Unfortunately, we don’t live in a perfect world, and it’s a lot harder to provide feedback in a way that makes someone want to listen than it is to just write a review. As a reviewer, you need to figure out how to get your reader to buy in.

The most straightforward way to get someone to listen to what you have to say and embrace it is to establish some sort of positive connection with them. Actually work with them in some meaningful way. Tell them about your judge history and your experiences (without bragging). Connect. It’s a lot easier to listen to someone you relate to and respect than it is to listen to a stranger.

Another thing that has been repeated over and over again is the willingness to actually have an open conversation before and after writing and submitting a review. Letting someone know that you have feedback to provide before submitting a review, and listening to them after if they have thoughts on the things you said. It’s not necessary, but it’s a lot harder to be open and in a proper mindset for feedback if you’re not expecting it.

It’s also useful to do your due diligence to try to better understand situations that you might not have full context for. If you see a judge make a questionable decision, rather than just mention it in a review and make suggestions, approach them about it at some point. You can let them know what you saw and how you perceived the situation. It both lets them know how their actions have been perceived and gives them a chance to clarify the situation if there were pieces of the puzzle you didn’t see.


I received a review a few months ago that wasn’t necessarily negative, but it questioned many of my decisions and suggested improvements. In each case, I looked at my decisions and thought about all my conscious reasons for making them. I was upset and confused because it hurt to feel like this person I respected thought I was wrong.

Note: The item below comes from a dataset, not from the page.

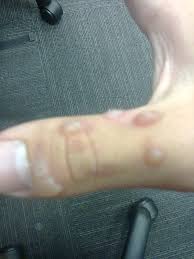 how to get rid of warts on hand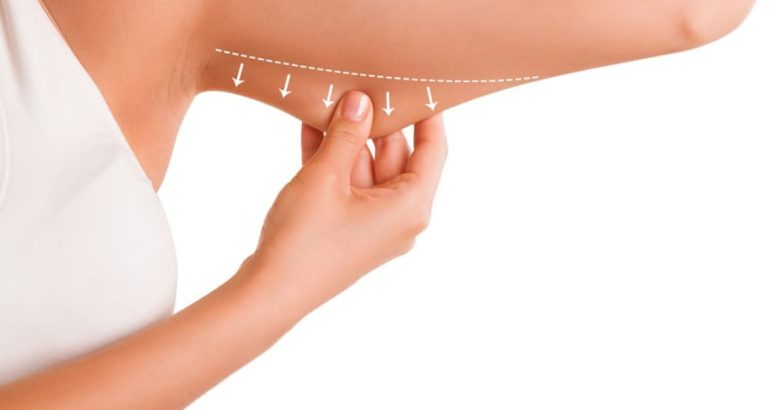 Lifting delle braccia con laser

In reality, he didn’t think I was wrong; he just had a different perspective that made complete sense when I talked to him about it afterwards.

Hearing those things may not have changed the way I acted in that moment. But it did make me aware of how other people might perceive my actions. Even if the additional context he provided wouldn’t have changed my actions in that moment, I will consider that context in my future decision-making. Having a more complete view will almost always lead to more informed actions and decisions.

There were two useful steps here: his willingness to listen to what I had to say, and my willingness to interpret the review as his valuable perspective.


As judges providing feedback, we have a tendency to use reviews as a way to distance ourselves from the tough things we have to say. It’s much easier to write out a list of actions and suggestions and submit it as a single static piece than it is to sit down with someone and have a conversation.

From the perspective of the person being reviewed, the opposite is true. A less than positive review looks like a death sentence. It looks like a final judgement of what someone thinks about you as a person, when it’s really just a snapshot of a person’s perception. That perception absolutely matters. The key is finding where their perspective intersects with yours.

When you write a review, your feedback is only as useful as the subject’s willingness to take in that information. It’s worth doing everything you can to get them to buy in and want to listen. And when you read a review, you’ll only get as much out of it as you want to get out of it.

If you read a review and immediately disagree with it, consider why you disagree with it. Is it the way it’s written? Is it who wrote it? Is it that you’re having a bad day and don’t want another bad thing on top of it?

We can all be better about getting our peers to buy in to our feedback. We can also be better about buying in to the feedback we receive.